◆ **EXERCISE PROMPT**
With the pictures left out, every record must be reproduced exactly.

*** MATERIAL PROVIDED ***

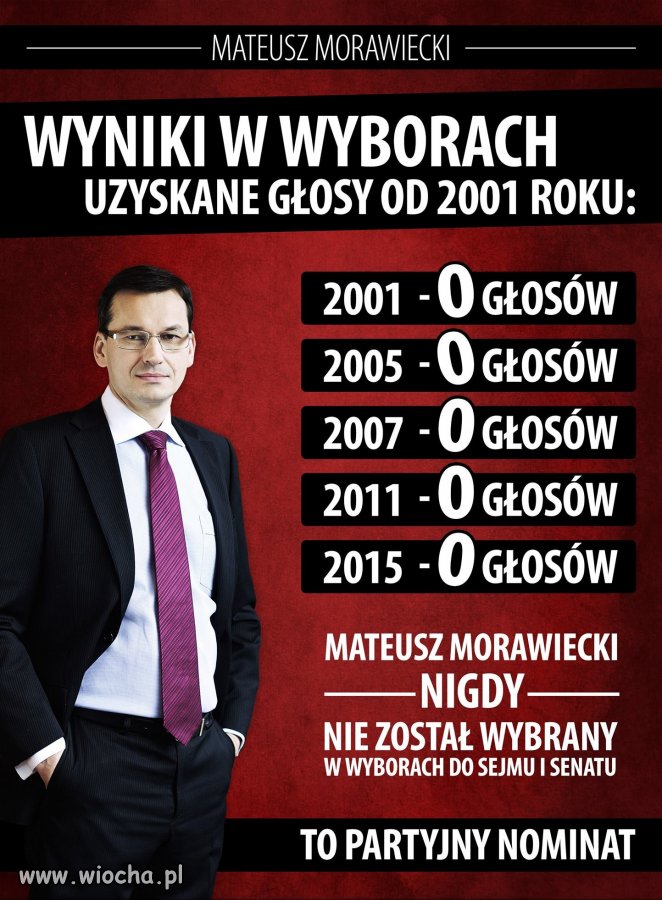 Suweren wybrał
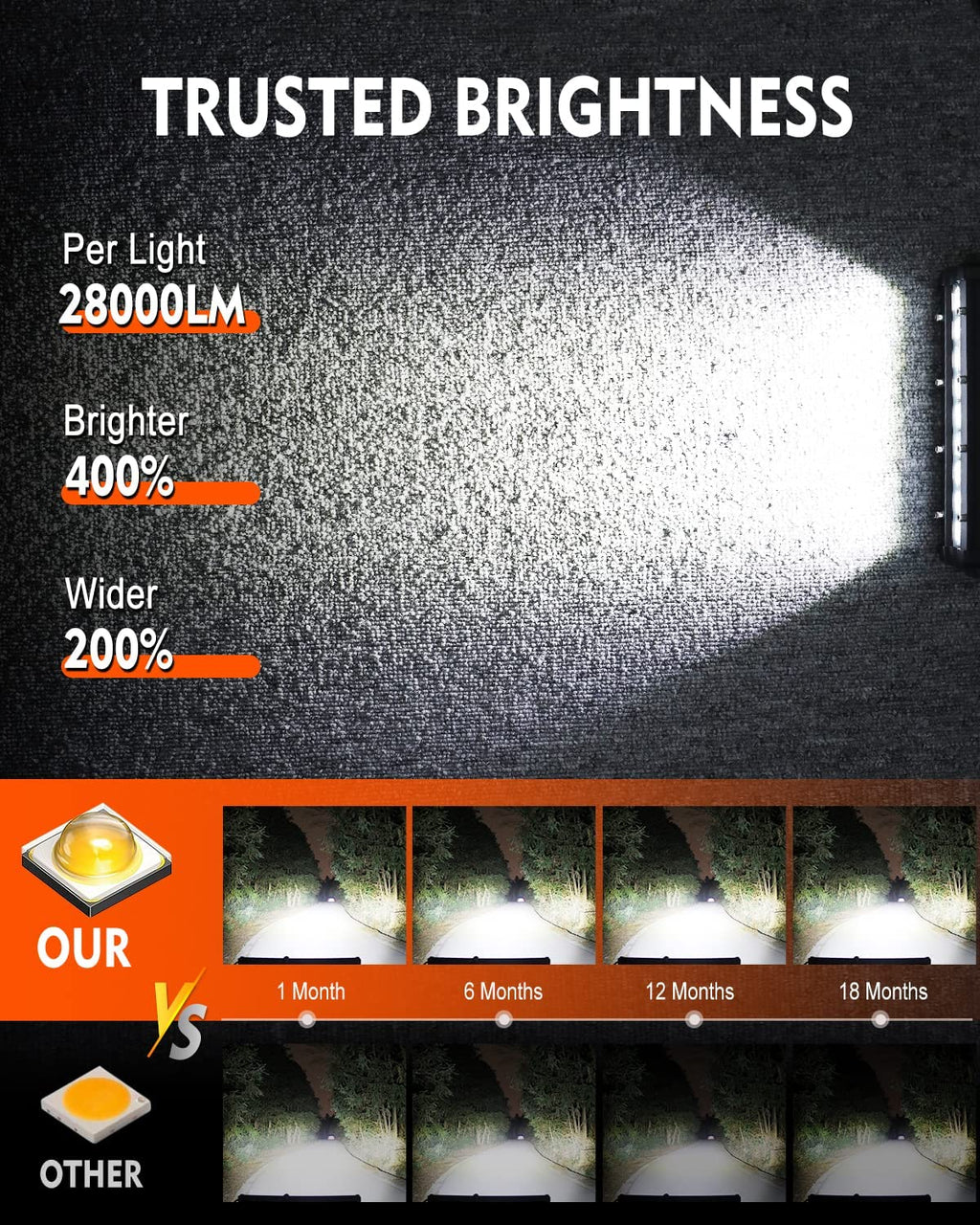 43 inch LED Light Bar 30000 LM Off Road Light Bar Q40637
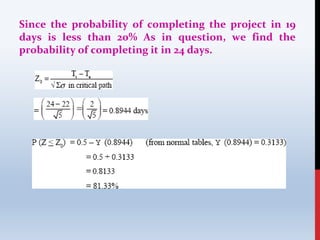 Since the probability of completing the project in 19
days is less than 20% As in question, we find the
probability of completing it in 24 days.
 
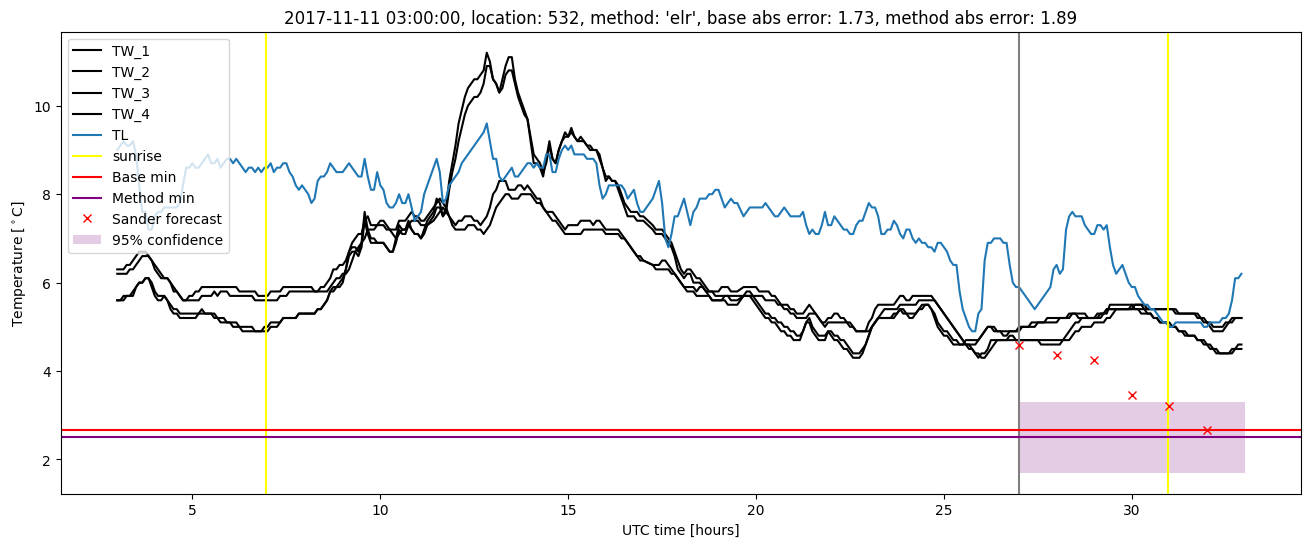 My plot :)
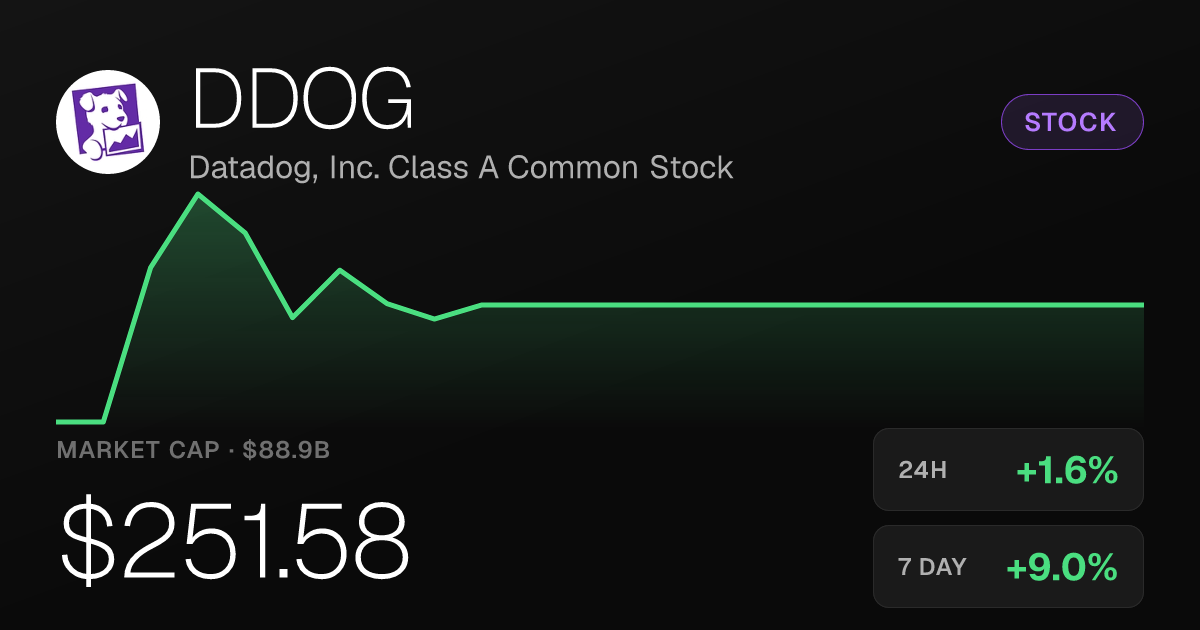 Datadog Rises 1.64% as Shares Climb to $251.58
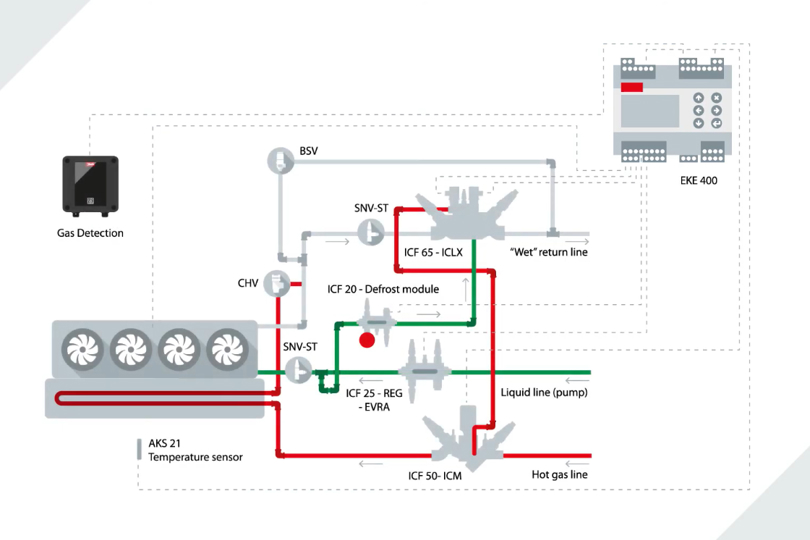 Evaporator controller for industrial and heavy commercial refrigeration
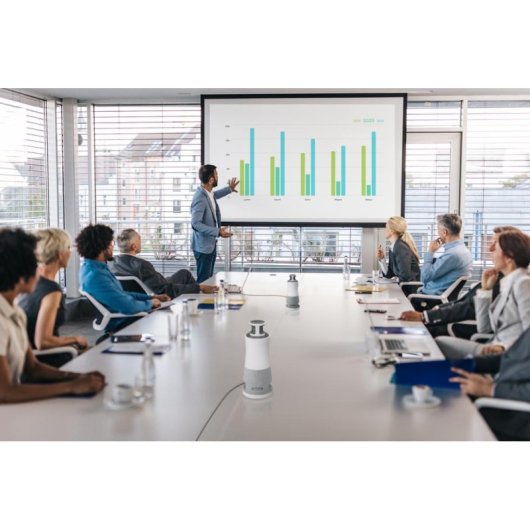 Système de visioconférence Fujitsu Ricoh Meeting 360 V2 Full HD 360°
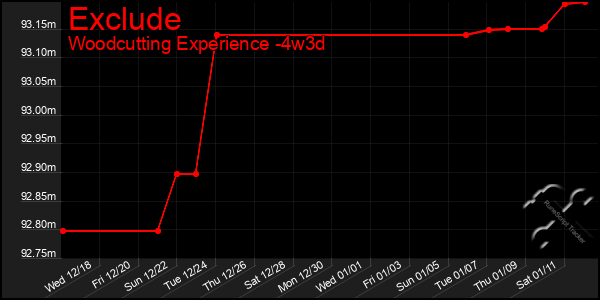 Last 31 Days Graph of Exclude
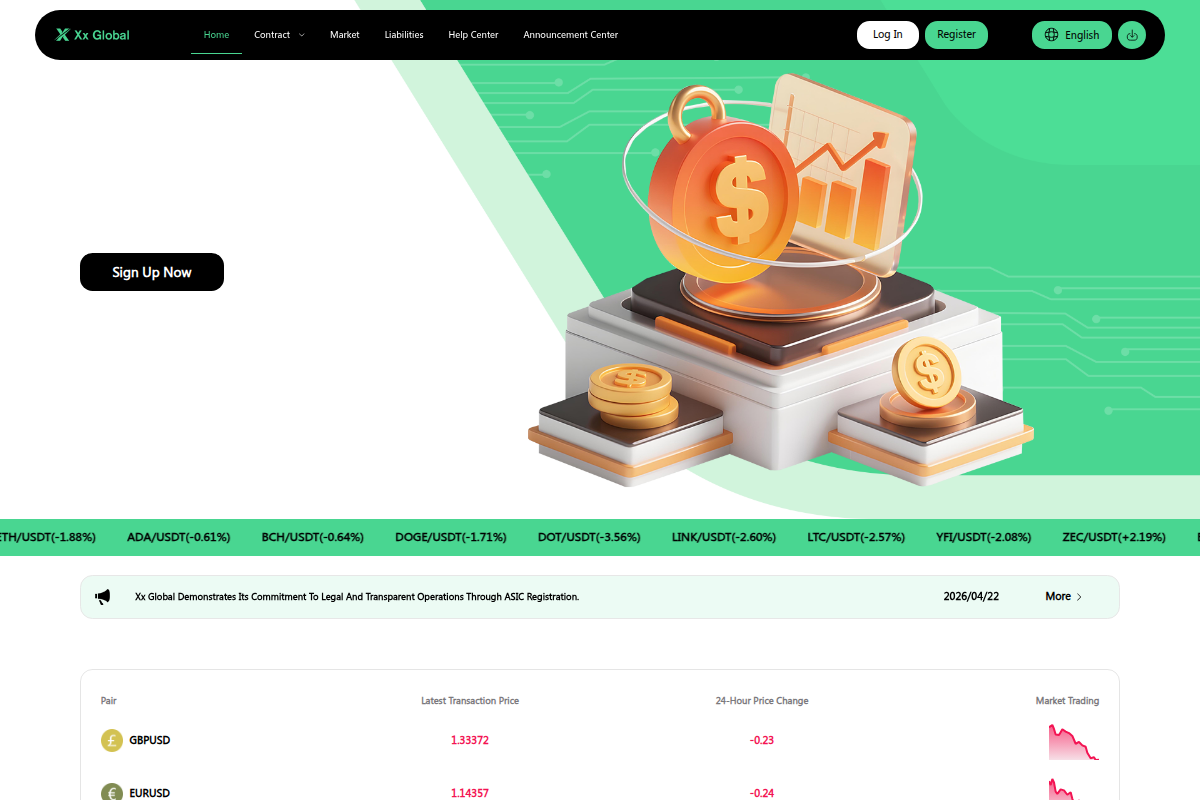 XXWhyKh.com Exposed | New Forex Website Raises Serious Verification Questions
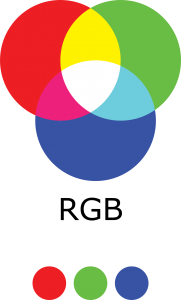 The Importance of Color Printing What is CMYK and the importance when it comes to Print! Find out more at Alphagraphics on University where we are the Printing Experts!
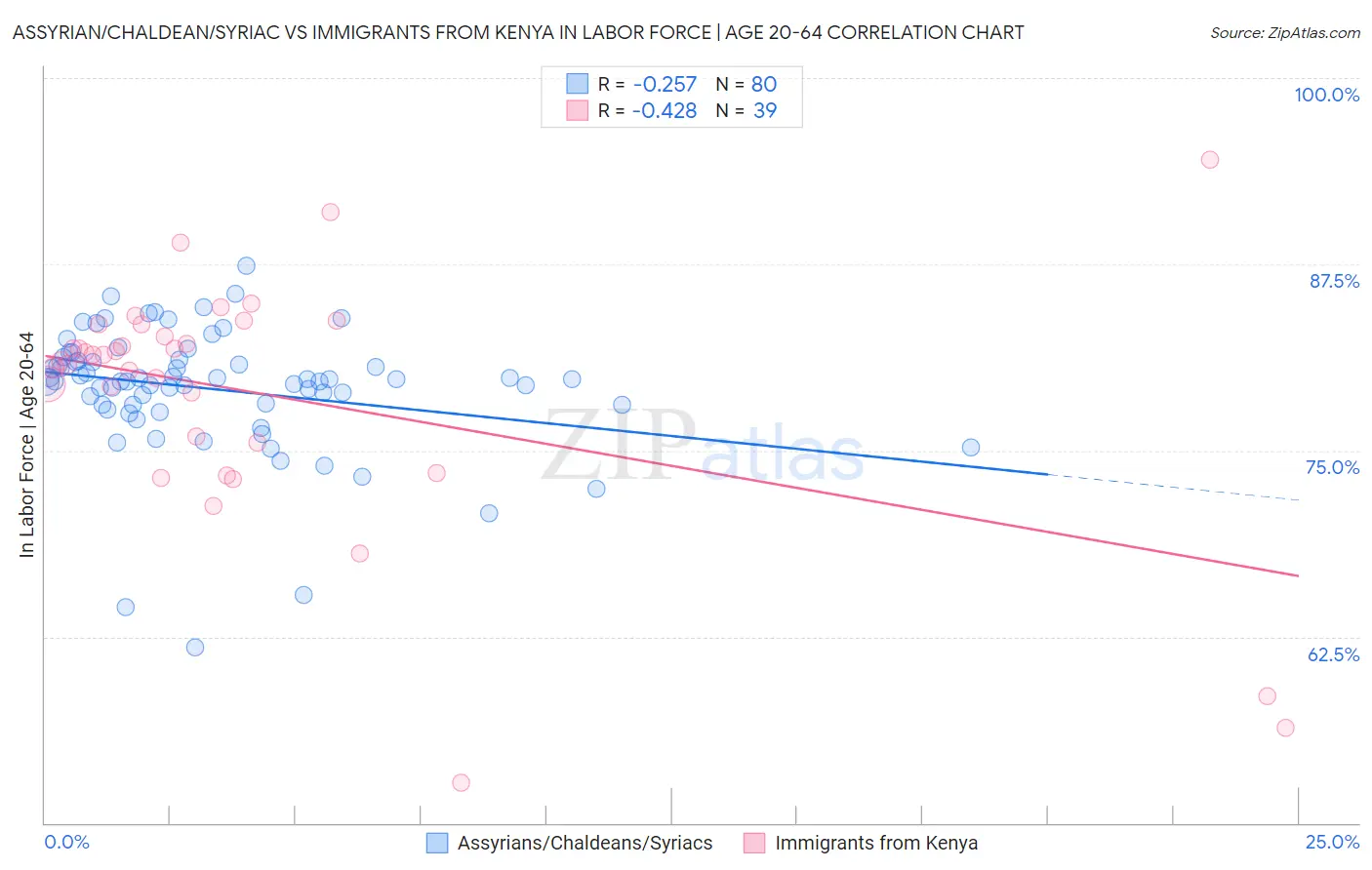 Assyrian/Chaldean/Syriac vs Immigrants from Kenya In Labor Force | Age 20-64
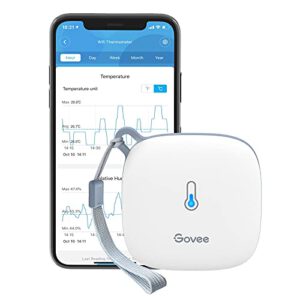 Govee WLAN Thermometer Hygrometer Innen für nur 19,99€ – Überwache Temperatur und Luftfeuchtigkeit in Echtzeit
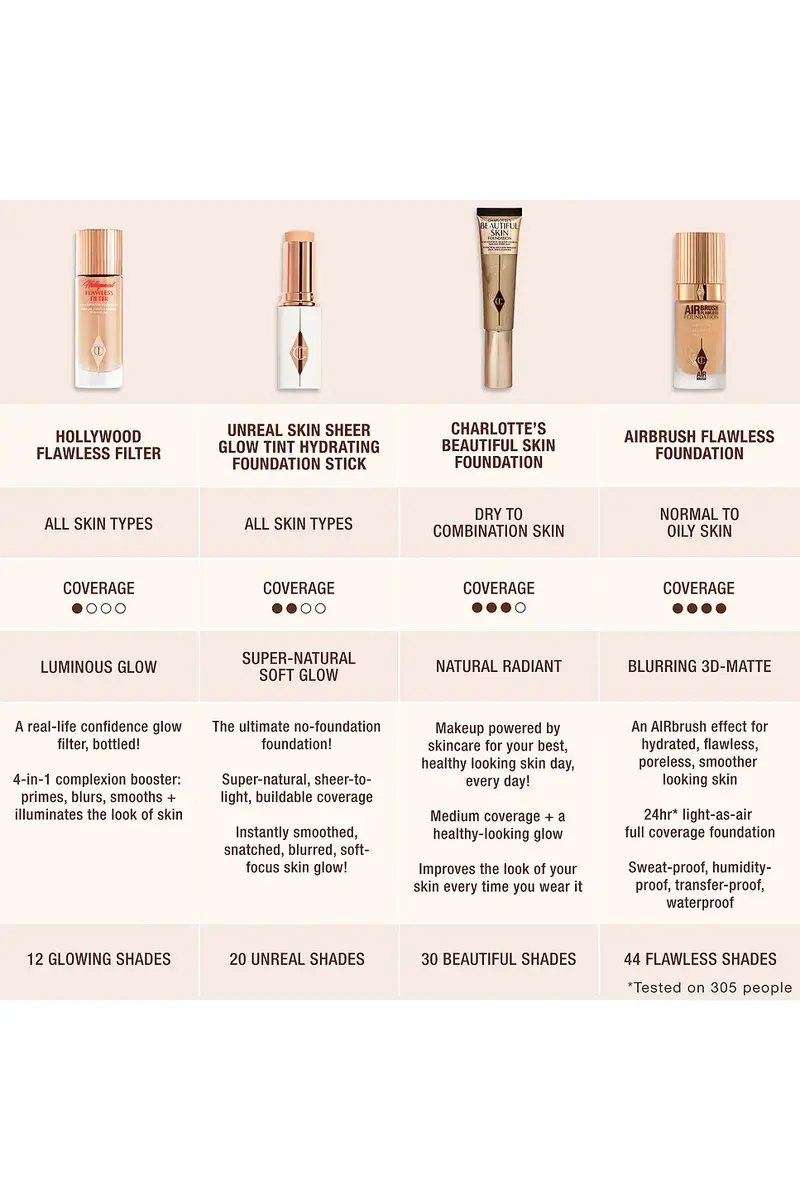 Charlotte Tilbury Airbrush Flawless Foundation | Thumbnail 12 Charlotte Tilbury Airbrush Flawless Foundation | Thumbnail 12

***

◆ **WORKED SOLUTION**
 Suweren wybrał
 43 inch LED Light Bar 30000 LM Off Road Light Bar Q40637
 Since the probability of completing the project in 19
days is less than 20% As in question, we find the
probability of completing it in 24 days.
 
 My plot :)
 Datadog Rises 1.64% as Shares Climb to $251.58
 Evaporator controller for industrial and heavy commercial refrigeration
 Système de visioconférence Fujitsu Ricoh Meeting 360 V2 Full HD 360°
 Last 31 Days Graph of Exclude
 XXWhyKh.com Exposed | New Forex Website Raises Serious Verification Questions
 The Importance of Color Printing What is CMYK and the importance when it comes to Print! Find out more at Alphagraphics on University where we are the Printing Experts!
 Assyrian/Chaldean/Syriac vs Immigrants from Kenya In Labor Force | Age 20-64
 Govee WLAN Thermometer Hygrometer Innen für nur 19,99€ – Überwache Temperatur und Luftfeuchtigkeit in Echtzeit
 Charlotte Tilbury Airbrush Flawless Foundation | Thumbnail 12 Charlotte Tilbury Airbrush Flawless Foundation | Thumbnail 12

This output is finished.